(Dataset extract):
____________
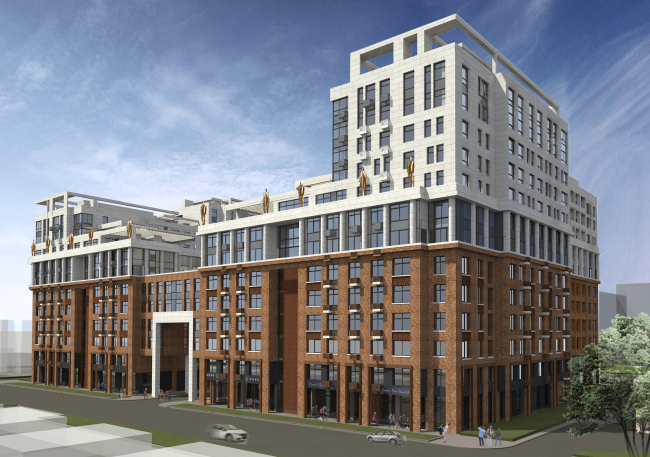 Residential complex in Kaluga. Project, 2015 � GrandProjectCity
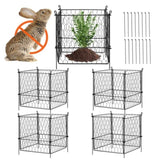 VEVOR 4 Pack Plant Protector from Animals, 13.4'' x 13.4'' Chicken Wire Plant Protector, Plant Cages V952-QBWZCL12YCHSE5ZGTV0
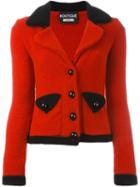 Boutique Moschino Cropped Knitted Blazer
____________
(What is required): The required output is the span of lines from the line with "VEVOR 4 Pack" through the final line of the listing above, reproduced exactly, minus the pictures.

(Exercise response):
 VEVOR 4 Pack Plant Protector from Animals, 13.4'' x 13.4'' Chicken Wire Plant Protector, Plant Cages V952-QBWZCL12YCHSE5ZGTV0
 Boutique Moschino Cropped Knitted Blazer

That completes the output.